In several previous public comment meetings, including one on Sept. 28, nearly unanimous support was expressed for the fully-underground plan for the connector. Feeling that their opinions had not been adequately heard, the LTBA and LTBID quickly arranged forums to express their concerns on Oct. 5 and 13.

At this week’s gathering, opinions on both sides of the issue were passionately delivered to the committee members, who appeared unmoved by either viewpoint.

Kristin Fukushima, public policy coordinator of the district office of the JACL, echoed an oft repeated sentiment that the fully underground plan is the only acceptable option, but that great care should be  taken to ensure the preservation of Little Tokyo’s business and character.

“The other two build options are completely unacceptable,” Fukushima said. “They are injurious, they would be damaging to the community and have the potential for Little Tokyo to be lost forever.”

In calling for compensation for the local retailers and restaurants, she added, “Our businesses are a pillar in Little Tokyo’s community and character. We can’t lose those.”

Kouraku restaurant owner Hiroshi Yamauchi said he wants no construction to take place on Second Street, where his business has been located for more than 20 years.

“We are not opposed to subway construction,” Yamauchi said. “Our objection is only to the fully underground plan under Second Street because we will suffer too much and there is no good news to help us understand. Please consider another route.”

Wilson Liu, president of the LTBID, insisted that Metro has not adequately considered the impact that construction will have on the Little Tokyo community. He cited the survey LTBID conducted of more than 1,200 stakeholders in Little Tokyo that supports a no-build alternative.

Several speakers indicated their satisfaction with the communication between Metro and the Little Tokyo community as the project moves forward.
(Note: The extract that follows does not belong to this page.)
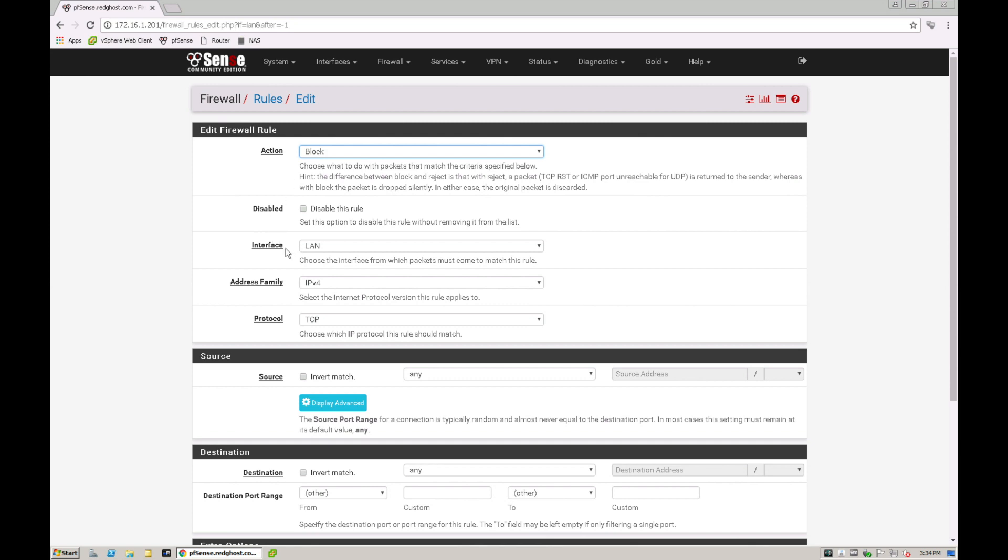Okay so down here we've got interface. Do you want it to be a LAN or a WAN? Obviously we're selecting LAN because that's what we want to do. The address family, IP version 4 or version 6. Most commonly you're probably going to use IP version 4 which is your standard IP range of 192.168.1.1. IP version 6 isn't used as often so we'll leave it as IP version 4.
Chris Aihara, a former LTCC chairperson, said the group has been working with Metro in the two years since the project was first announced, to address concerns about the impact on historic Little Tokyo. She said the LTCC–representing some 100 non-profits, businesses, churches and temples–supports the fully underground plan and hopes to continue to be involved with the proposed connector project.

LTCC board member Jeff Liu called the local disagreement an incredibly emotional issue for residents and businesses, but insisted that the project is an investment in Little Tokyo’s future prosperity.
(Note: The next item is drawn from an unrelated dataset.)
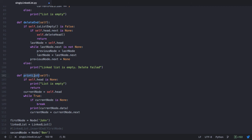By this, I hope you have a strong understanding of singly linked lists. Thank you.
“Metro staff has been working closely with the council for the past year and a half on a viable solution–the locally preferred, fully underground option, that will help lead the city’s rail system and remain sensitive to one of the nation’s last remaining historic Japanese American communities.”
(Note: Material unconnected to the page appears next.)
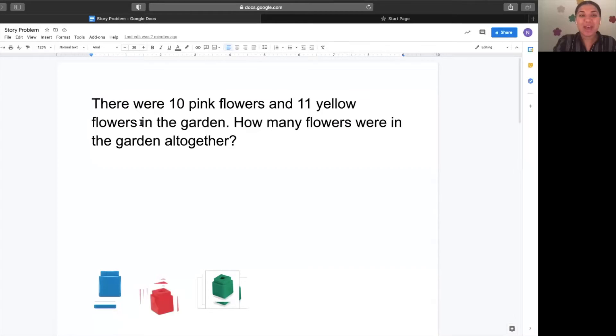Hi, kindergarten mathematicians. This is Ms. FaZe, and we are ready for a story problem. Let's go ahead and get into it.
Comment also came from outside the immediate Little Tokyo area, including input on the plan’s proposal to remove the station and Fifth and Flower, and the impact the project will have on access to employee parking at the Los Angeles Times.

JoAnn Grace, owner of the Metropolitan News and its historic building on Spring and Second, called the draft EIS/EIR “defective,” and that it proceeds on notion her company is a restaurant.
“Restaurants can be quickly moved. A newspaper company, with a seven-unit press in the basement, cannot be,” Grace asserted.

Though the period for public comment officially closed on Oct. 18, the committee has continued to hear input from community members, including at a session held Thursday. When the Metro Board takes up the recommendations for a vote on Oct. 28, public comments will again be taken into the public record.

Rafu Japanese staff writer Ryoko Nakamura contributed to this story.